Your Hosts: Mary Robinette, Piper, and Howard, with special guest Cory Doctorow

In journalism, that three-character string in our episode title means “Fact Check.” Those three characters are a great way to drop a note to yourself, reminding you to get some answers later.

In this episode Cory joins us to discuss when we drop FCK into our works, and how we go about removing it later.

Credits: This episode was recorded at sea by Bert Grimm, and mastered by Alex Jackson

Play

Use the Internet to pretend-visit a place.

The Future of Another Timeline, by Annalee Newitz

6 thoughts on “15.41: Researching the FCK out of Things, with Cory Doctorow”

  1. The Internet is one research tool, but so are written works (especially classic travel books, historical works etc), and good documentaries. My WIP takes place across a huge swathe of planetary geography, and even though it is set over a century into the future, I still feel the need to include enough details of place, of street maps, of lifestyle, religion etc. to make each place convincing. Whether this research carries enough authority to convince readers, we’ll have to see.

    There’s another thing about travel that the panel did not mention. Even if I had the time and money to do “research” trips to all those places I mention, I’m not sure that I could ethically do so.

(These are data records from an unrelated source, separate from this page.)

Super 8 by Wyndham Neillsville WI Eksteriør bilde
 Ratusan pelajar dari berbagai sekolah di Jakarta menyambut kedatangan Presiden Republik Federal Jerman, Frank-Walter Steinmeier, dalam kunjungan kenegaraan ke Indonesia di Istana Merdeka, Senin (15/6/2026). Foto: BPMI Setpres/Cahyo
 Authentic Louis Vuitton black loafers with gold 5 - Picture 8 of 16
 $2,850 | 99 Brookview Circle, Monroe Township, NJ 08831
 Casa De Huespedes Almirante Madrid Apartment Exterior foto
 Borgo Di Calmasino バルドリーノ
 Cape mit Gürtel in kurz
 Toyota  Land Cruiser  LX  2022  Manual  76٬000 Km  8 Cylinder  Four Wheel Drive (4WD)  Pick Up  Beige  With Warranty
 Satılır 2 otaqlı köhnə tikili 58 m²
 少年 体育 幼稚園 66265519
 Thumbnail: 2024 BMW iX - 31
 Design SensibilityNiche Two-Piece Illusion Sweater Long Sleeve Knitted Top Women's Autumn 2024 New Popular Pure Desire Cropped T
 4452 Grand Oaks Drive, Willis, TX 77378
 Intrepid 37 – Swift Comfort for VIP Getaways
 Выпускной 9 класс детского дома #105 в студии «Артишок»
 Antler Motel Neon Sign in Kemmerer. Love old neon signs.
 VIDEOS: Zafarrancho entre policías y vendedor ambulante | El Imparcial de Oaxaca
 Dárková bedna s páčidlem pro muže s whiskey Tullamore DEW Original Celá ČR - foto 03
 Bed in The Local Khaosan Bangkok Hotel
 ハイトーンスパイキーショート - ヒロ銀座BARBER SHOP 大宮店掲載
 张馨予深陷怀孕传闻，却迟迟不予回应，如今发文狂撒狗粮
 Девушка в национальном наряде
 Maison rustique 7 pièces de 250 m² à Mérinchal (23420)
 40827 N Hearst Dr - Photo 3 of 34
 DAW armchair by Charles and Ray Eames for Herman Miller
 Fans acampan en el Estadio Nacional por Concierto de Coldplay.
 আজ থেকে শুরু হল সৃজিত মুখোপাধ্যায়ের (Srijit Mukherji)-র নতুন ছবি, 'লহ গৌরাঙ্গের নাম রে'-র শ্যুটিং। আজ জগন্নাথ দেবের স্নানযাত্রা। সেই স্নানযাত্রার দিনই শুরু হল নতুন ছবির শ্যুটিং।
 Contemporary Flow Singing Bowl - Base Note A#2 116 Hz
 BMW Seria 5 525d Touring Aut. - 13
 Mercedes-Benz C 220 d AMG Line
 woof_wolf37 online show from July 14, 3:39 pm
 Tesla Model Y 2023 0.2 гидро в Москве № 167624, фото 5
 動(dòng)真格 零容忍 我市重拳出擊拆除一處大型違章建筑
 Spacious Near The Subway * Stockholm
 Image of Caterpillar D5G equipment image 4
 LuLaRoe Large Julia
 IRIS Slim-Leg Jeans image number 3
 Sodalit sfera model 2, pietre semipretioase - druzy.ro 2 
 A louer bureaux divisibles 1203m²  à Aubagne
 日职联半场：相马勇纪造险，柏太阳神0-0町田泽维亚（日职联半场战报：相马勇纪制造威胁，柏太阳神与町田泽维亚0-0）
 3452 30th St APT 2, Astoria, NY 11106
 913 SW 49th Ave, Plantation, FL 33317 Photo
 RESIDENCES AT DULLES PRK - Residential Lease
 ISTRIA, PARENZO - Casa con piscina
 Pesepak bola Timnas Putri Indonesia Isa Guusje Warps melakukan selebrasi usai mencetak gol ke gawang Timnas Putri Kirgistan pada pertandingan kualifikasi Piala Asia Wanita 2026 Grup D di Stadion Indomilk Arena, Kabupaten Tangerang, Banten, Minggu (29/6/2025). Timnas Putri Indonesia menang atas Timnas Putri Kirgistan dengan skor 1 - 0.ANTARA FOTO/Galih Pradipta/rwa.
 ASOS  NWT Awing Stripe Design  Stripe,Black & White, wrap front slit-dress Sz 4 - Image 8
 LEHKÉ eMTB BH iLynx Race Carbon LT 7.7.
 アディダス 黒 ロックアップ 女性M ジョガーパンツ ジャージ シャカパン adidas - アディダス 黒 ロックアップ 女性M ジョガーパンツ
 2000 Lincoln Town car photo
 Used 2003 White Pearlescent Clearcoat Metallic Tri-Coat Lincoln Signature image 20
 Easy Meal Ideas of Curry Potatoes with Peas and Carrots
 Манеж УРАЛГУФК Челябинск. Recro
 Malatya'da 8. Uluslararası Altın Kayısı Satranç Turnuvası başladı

Avoidance of unnecessary flying is one of the top two things an individual can do to mitigate their carbon footprint.

    One last thing, Robert J. Sawyer once said “Writing is how I justify my research habit!”

  2. The triumphant trio, Mary Robinette, Piper, and Howard, got together with Cory Doctorow to talking about research, especially when an FCK, aka a fact check, works for writers. Keep writing, and check later? Avoid the Wikipedia click holes? Take a moment to appreciate the sunset, even if you are in the basement… lots of discussion and tricks, available in the transcript now in the archives.

  3. I like the comment about the modified gun hand saving away things.

    I do something similar in arts shows. When something is “inspired by” a historical artifact, you get points for being as close as possible to the item. If you call it “a reproduction” , you get points taken away for all the things that are not exactly like the original.

    It’s a good trick to use in other places too.